- Your assignment: Below are several records. Retype exactly those lines running from the one with "他与林彪齐名,战场上许世友都怵他三分,却因这" through the one with "Son dakika haberi", end lines included, and no others.
[Dataset excerpts Boundary: Start]
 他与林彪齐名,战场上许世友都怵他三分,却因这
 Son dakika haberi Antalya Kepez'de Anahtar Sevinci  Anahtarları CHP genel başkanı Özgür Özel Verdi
[Dataset excerpts Boundary: End]
[Dataset excerpts Boundary: Start]
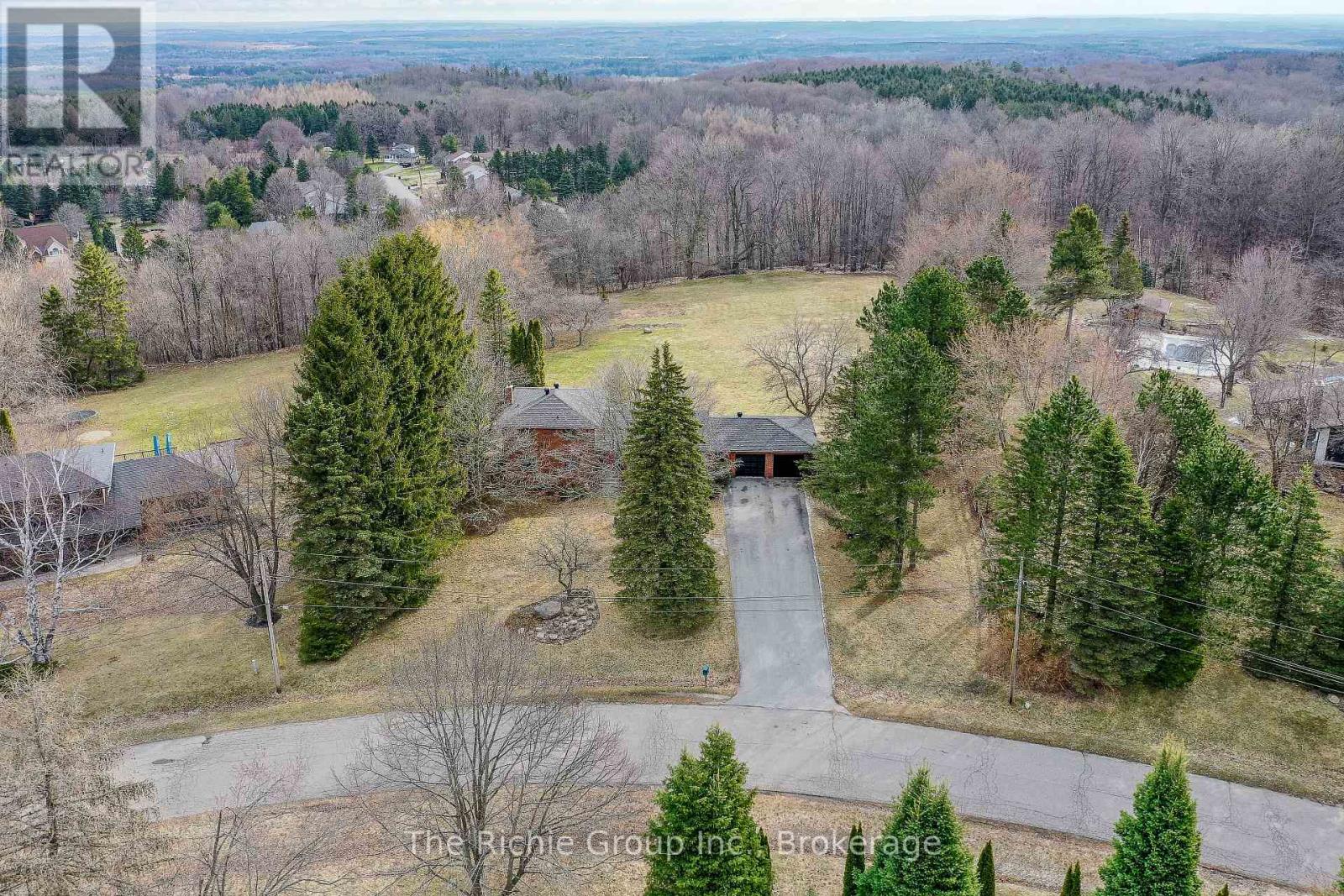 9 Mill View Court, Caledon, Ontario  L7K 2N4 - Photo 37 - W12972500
[Dataset excerpts Boundary: End]
- Answer to this problem:
 他与林彪齐名,战场上许世友都怵他三分,却因这
 Son dakika haberi Antalya Kepez'de Anahtar Sevinci  Anahtarları CHP genel başkanı Özgür Özel Verdi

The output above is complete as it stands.